I would rather be the way I am, and I don’t think it’s up to yoga-attending, self-care book-reading, extroverts to tell anyone else how they should be. If you’re so into inner peace, focus on yourself! I’m doing just fine. Yeah, I have plenty of hate to give, but I still am able to allocate plenty of love to a small group of people who deserve the world - I would quite literally die for these people, ain’t that adorable?

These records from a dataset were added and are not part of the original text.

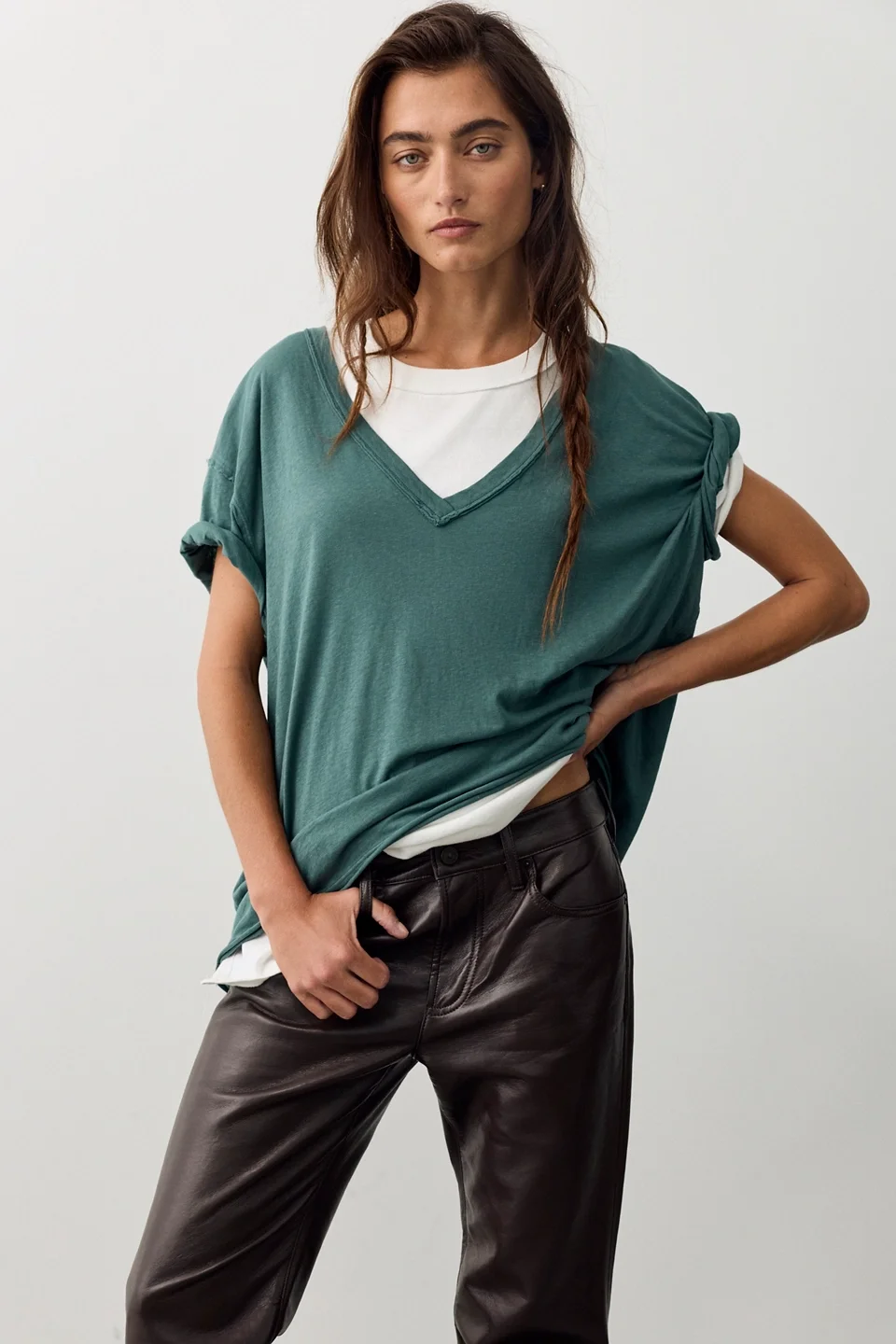 We The Free Nina V-Neck Tee - 1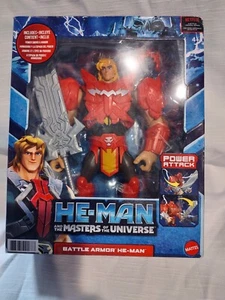 The Masters Of The Universe Deluxe Battle Armor He-Man Large 8.5" Action Figure - Picture 1 of 3
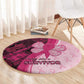 Breast Cancer Awareness Round Carpet Think Pink - African Pattern - African Pride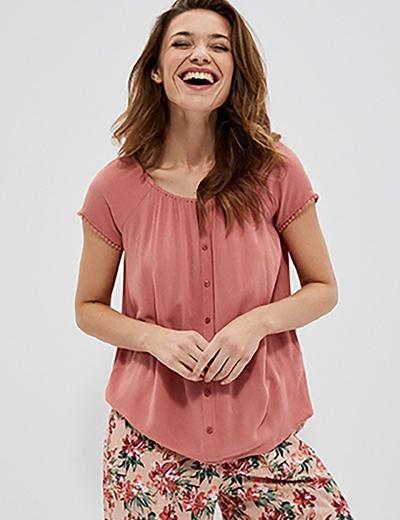 Koszula damska typu hiszpanka różowa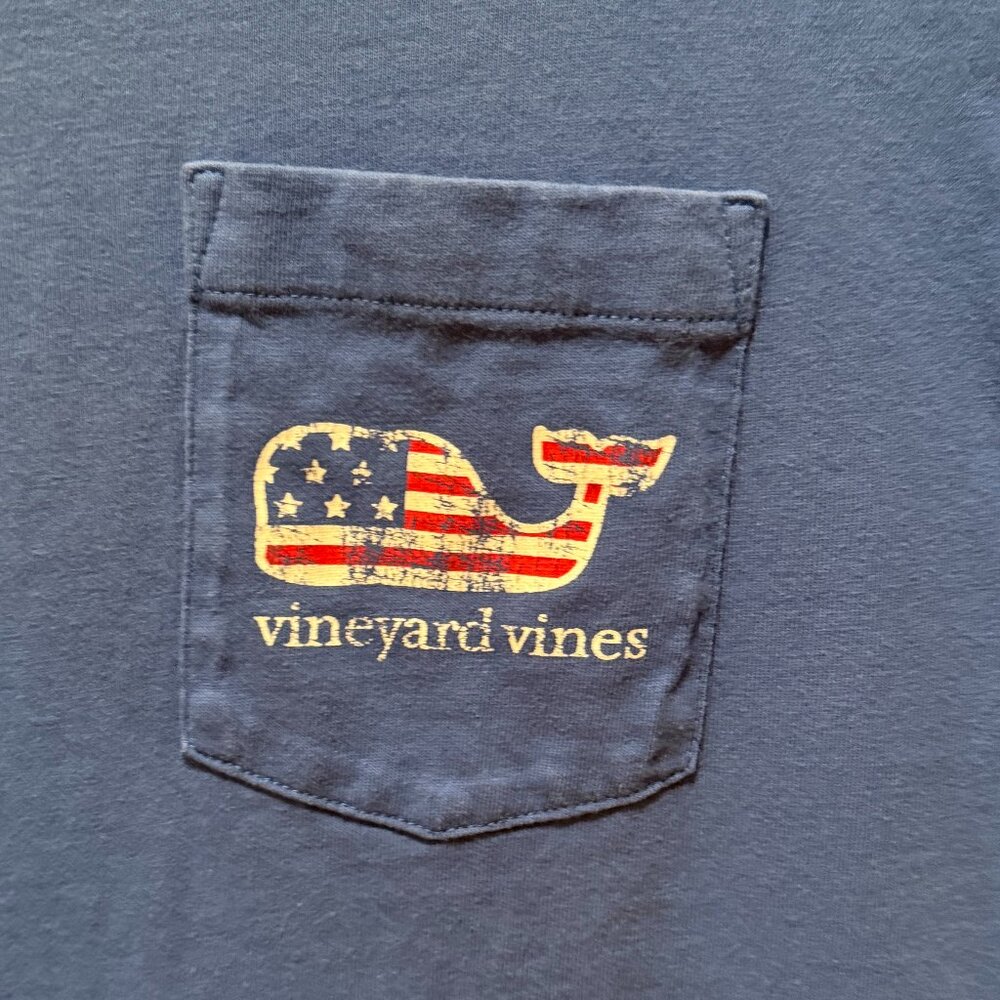 Mens Vineyard Vines American Flag T-shirt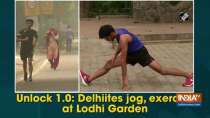 Unlock 1.0: Delhiites jog, exercise at Lodhi Garden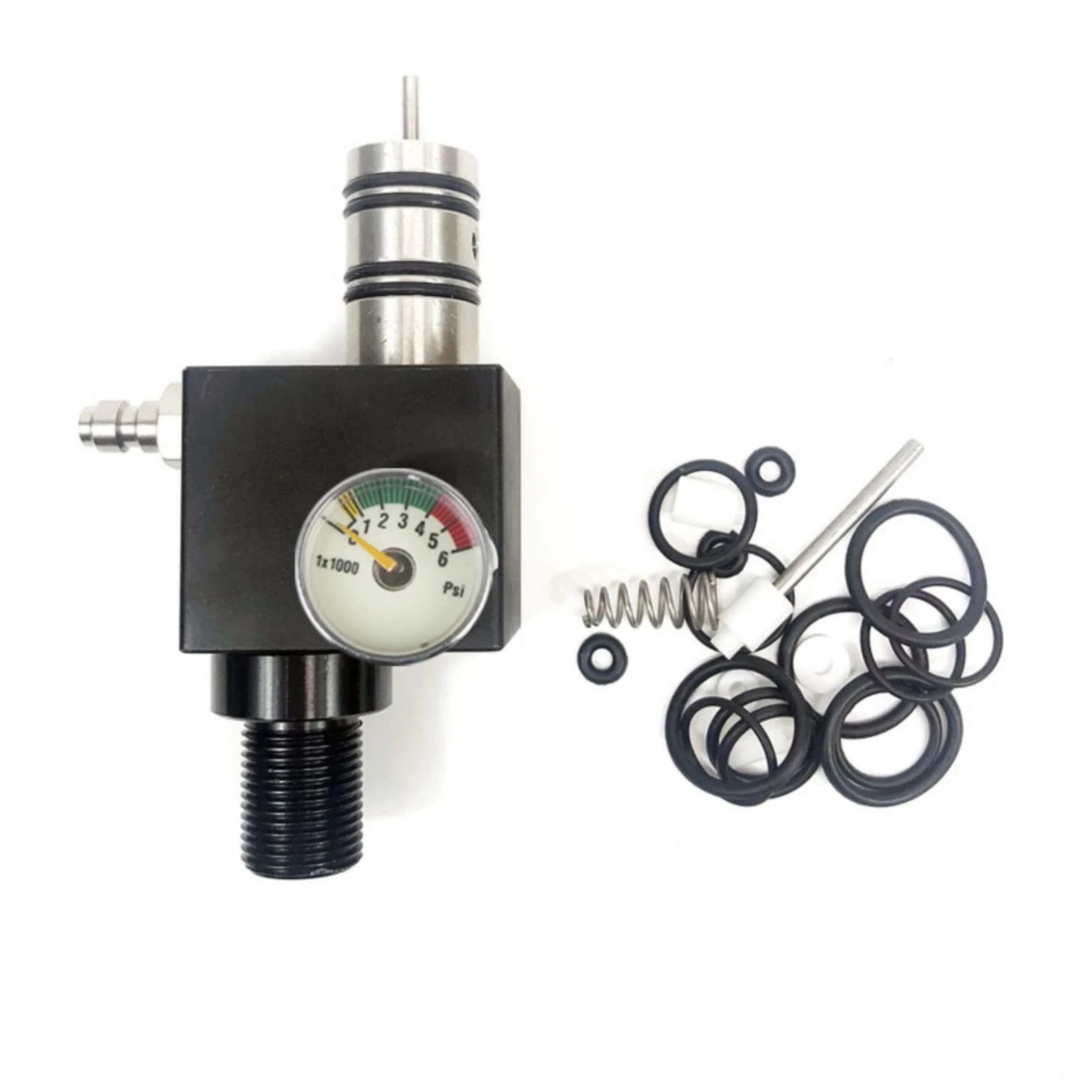 airmega Pcp Airforce Valve Airgun Regulator for Paintball Tank Charging black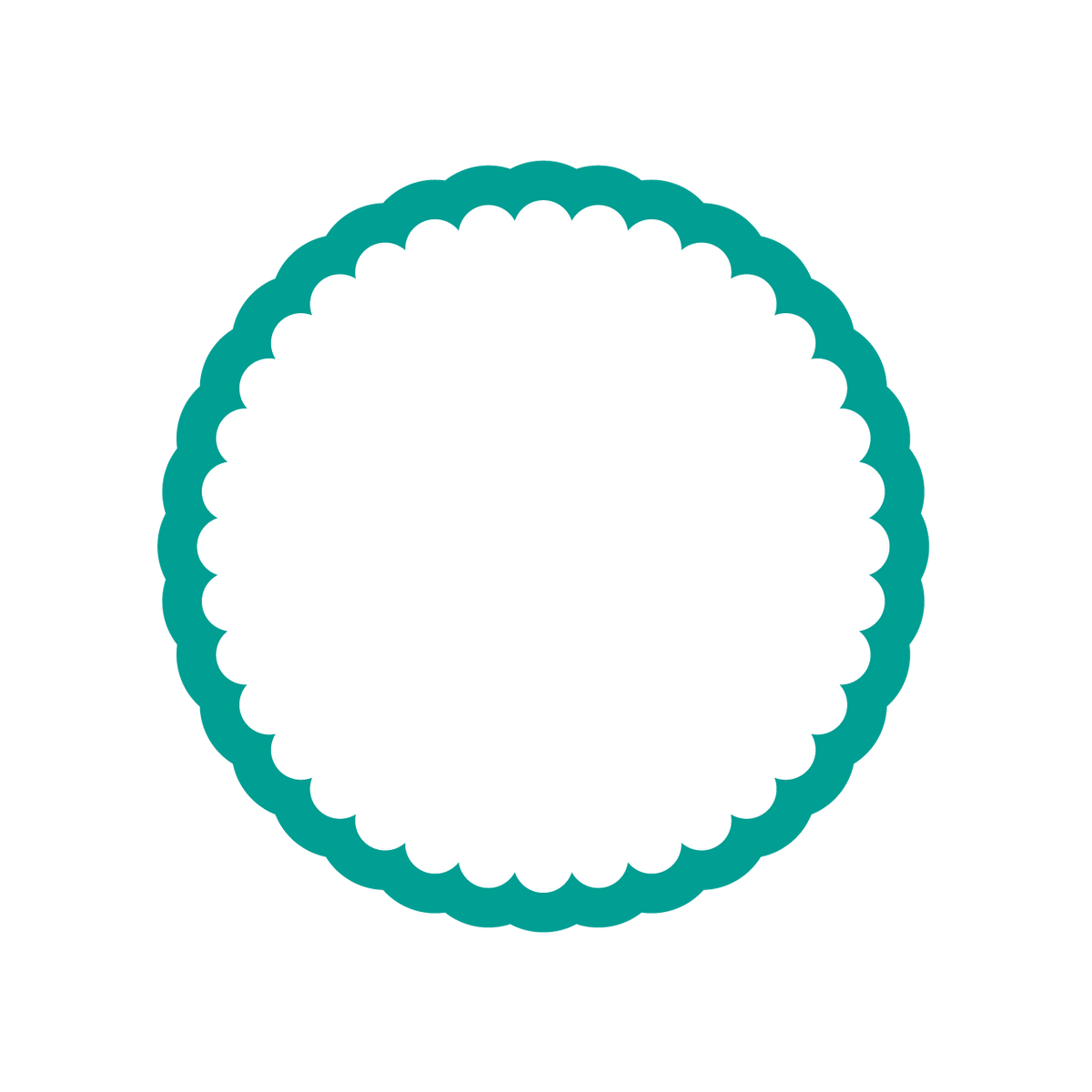 Round fluted cookie cutter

Studies have shown that this is actually a healthier approach - to have a handful of deeply meaningful relationships, regardless of your feelings towards the other 7 billion people on this planet, than to want to be friends with everyone you encounter. So HAHAHA in your face all you glass-half-full hippies! It’s actual science - we have these things called telomeres which are repetitive structures at the end of our chromosomes which help to support their longevity - and the length of telomeres is widely accepted as an indicator of mortality. Research has shown that a person with a greater number of less meaningful relationships exhibits shorter length in these structures. Those who have a small number of really meaningful relationships, even if they hate everyone else on this damn planet, have telomeres out the wazzoo (not medically speaking).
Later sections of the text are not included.